Health-Related Quality of Life (HRQOL) will be assessed with the Pediatric Quality of Life Inventory (PedsQL) [13]. The PedsQL is a 23-item, reliable and valid tool for measuring HRQOL in children. The PedsQL is comprised of four multi-dimensional scales that include physical, emotional, social and school functioning which produce three summary scores of psychosocial health, physical health and a total scale score to measure HRQOL. The PedsQL instruments are sensitive to cognitive development and consist of developmentally appropriate forms along with a parent proxy-report for children ages 8–12 years [13].

Data analysis

All statistical procedures will be performed in SPSS, version 18.0. Significance will be set at the 0.05 level. Descriptive statistics including means and standard deviations will be computed for all of the data. Differences among the groups at Week 0 and Week 12 will be assessed by using Student’s independent t-test. Furthermore to account for baseline differences, a general linear mixed-model analysis of variance will be performed. A power analysis was performed to determine the sample size needed to determine significant pre- and post-differences in each group. With the alpha level set at 0.05, an anticipated effect size of 0.8, and the statistical power level set at 0.8, the minimum total required sample size was 8 participants. A power analysis was performed to determine the sample size needed to determine significant differences between Group A and Group B with a one-tailed t-test. With the alpha level set at 0.05, an anticipated effect size of 0.8, and the statistical power level set at 0.8, the minimum total required sample size was 42, with a minimum sample size per group of 21 participants. Therefore, with the planned total of 100 participants in this study, 50 of which will be assigned to Group A and 50 assigned to Group B, the minimum sample size required for analyses will be achieved.

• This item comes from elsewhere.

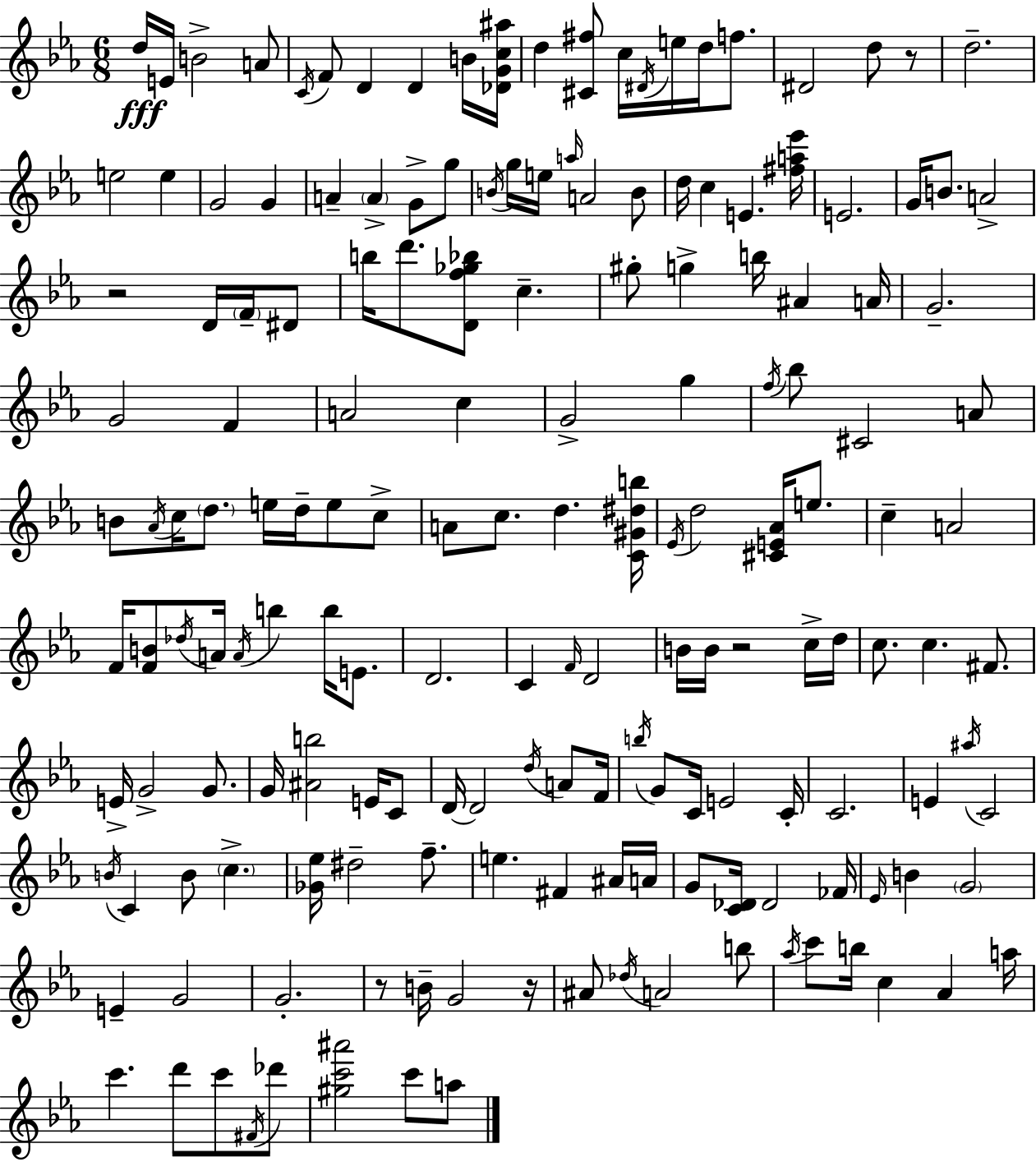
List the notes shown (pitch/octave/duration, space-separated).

D5/s E4/s B4/h A4/e C4/s F4/e D4/q D4/q B4/s [Db4,G4,C5,A#5]/s D5/q [C#4,F#5]/e C5/s D#4/s E5/s D5/s F5/e. D#4/h D5/e R/e D5/h. E5/h E5/q G4/h G4/q A4/q A4/q G4/e G5/e B4/s G5/s E5/s A5/s A4/h B4/e D5/s C5/q E4/q. [F#5,A5,Eb6]/s E4/h. G4/s B4/e. A4/h R/h D4/s F4/s D#4/e B5/s D6/e. [D4,F5,Gb5,Bb5]/e C5/q. G#5/e G5/q B5/s A#4/q A4/s G4/h. G4/h F4/q A4/h C5/q G4/h G5/q F5/s Bb5/e C#4/h A4/e B4/e Ab4/s C5/s D5/e. E5/s D5/s E5/e C5/e A4/e C5/e. D5/q. [C4,G#4,D#5,B5]/s Eb4/s D5/h [C#4,E4,Ab4]/s E5/e. C5/q A4/h F4/s [F4,B4]/e Db5/s A4/s A4/s B5/q B5/s E4/e. D4/h. C4/q F4/s D4/h B4/s B4/s R/h C5/s D5/s C5/e. C5/q. F#4/e. E4/s G4/h G4/e. G4/s [A#4,B5]/h E4/s C4/e D4/s D4/h D5/s A4/e F4/s B5/s G4/e C4/s E4/h C4/s C4/h. E4/q A#5/s C4/h B4/s C4/q B4/e C5/q. [Gb4,Eb5]/s D#5/h F5/e. E5/q. F#4/q A#4/s A4/s G4/e [C4,Db4]/s Db4/h FES4/s Eb4/s B4/q G4/h E4/q G4/h G4/h. R/e B4/s G4/h R/s A#4/e Db5/s A4/h B5/e Ab5/s C6/e B5/s C5/q Ab4/q A5/s C6/q. D6/e C6/e F#4/s Db6/e [G#5,C6,A#6]/h C6/e A5/e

The proposed study described in this paper is the first to the authors’ knowledge to examine the effect of an unstructured, moderate to vigorous, before-school physical activity program on academic performance, classroom behavior, emotions, and other health related measures in elementary school-aged children. The results of this study will provide evidence to support the feasibility and efficacy of an unstructured, moderate to vigorous, before-school physical activity program in children. The unstructured physical activity with limited equipment, yet moderate to vigorous intensity design would allow others to easily and affordably replicate. Often, the initiation of novel physical activity programs is often viewed as cost-prohibitive and labor intensive. The design, setting, and population, however, may be replicated in relatively any elementary school with limited supplies and with a limited budget. Furthermore, the proposed study will provide insight regarding the ideal physical activity intensity and duration necessary to achieve a positive increase in academic performance.

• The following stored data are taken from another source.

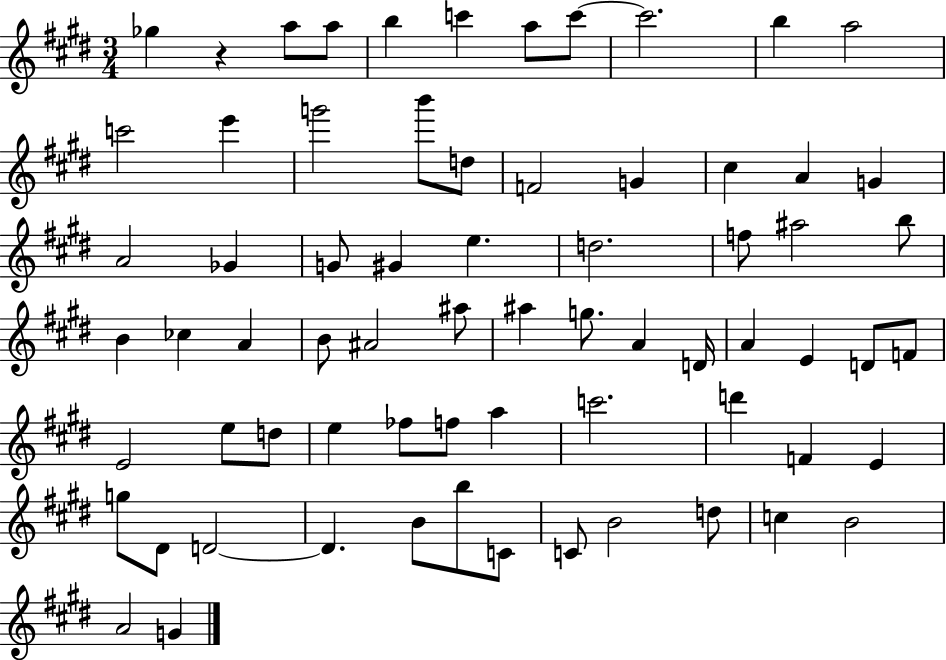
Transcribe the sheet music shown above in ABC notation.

X:1
T:Untitled
M:3/4
L:1/4
K:E
_g z a/2 a/2 b c' a/2 c'/2 c'2 b a2 c'2 e' g'2 b'/2 d/2 F2 G ^c A G A2 _G G/2 ^G e d2 f/2 ^a2 b/2 B _c A B/2 ^A2 ^a/2 ^a g/2 A D/4 A E D/2 F/2 E2 e/2 d/2 e _f/2 f/2 a c'2 d' F E g/2 ^D/2 D2 D B/2 b/2 C/2 C/2 B2 d/2 c B2 A2 G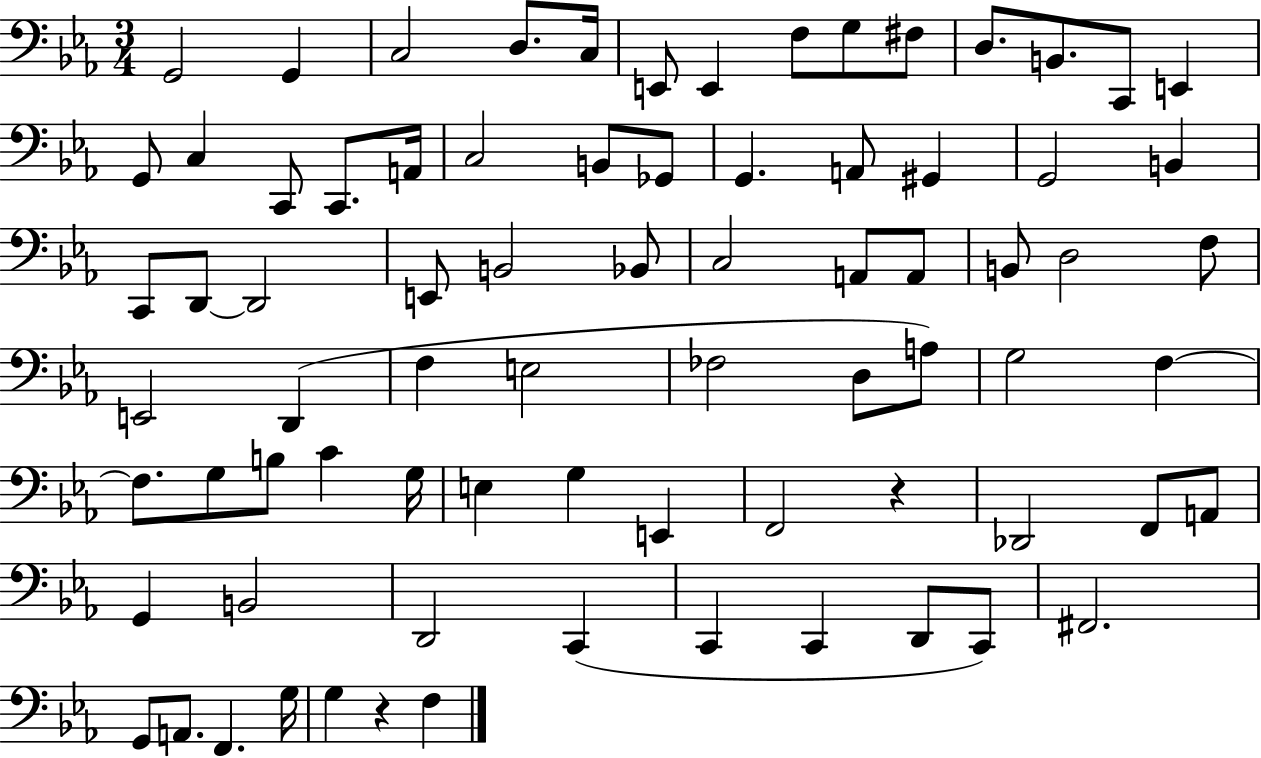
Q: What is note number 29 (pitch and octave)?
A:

The current study allows the participants to select and/or indicate their preferred group- Group A, tests and measures with the physical activity intervention or Group B, tests and measures only. This randomization design may be considered a limitation of the study; however, differences within each group, treatment and control will be assessed in addition to comparisons between the two groups. These within-group analyses will allow evaluation of the outcomes attributable to the physical activity intervention rather than attitudinal variables that may have been introduced with the self-selection of the groups.

The findings of this study will provide valuable information for other research groups looking to increase physical activity levels of children via school-based interventions. Furthermore, it will ascertain whether an unstructured, moderate to vigorous, before-school physical activity program is an effective method for future large-scale implementation.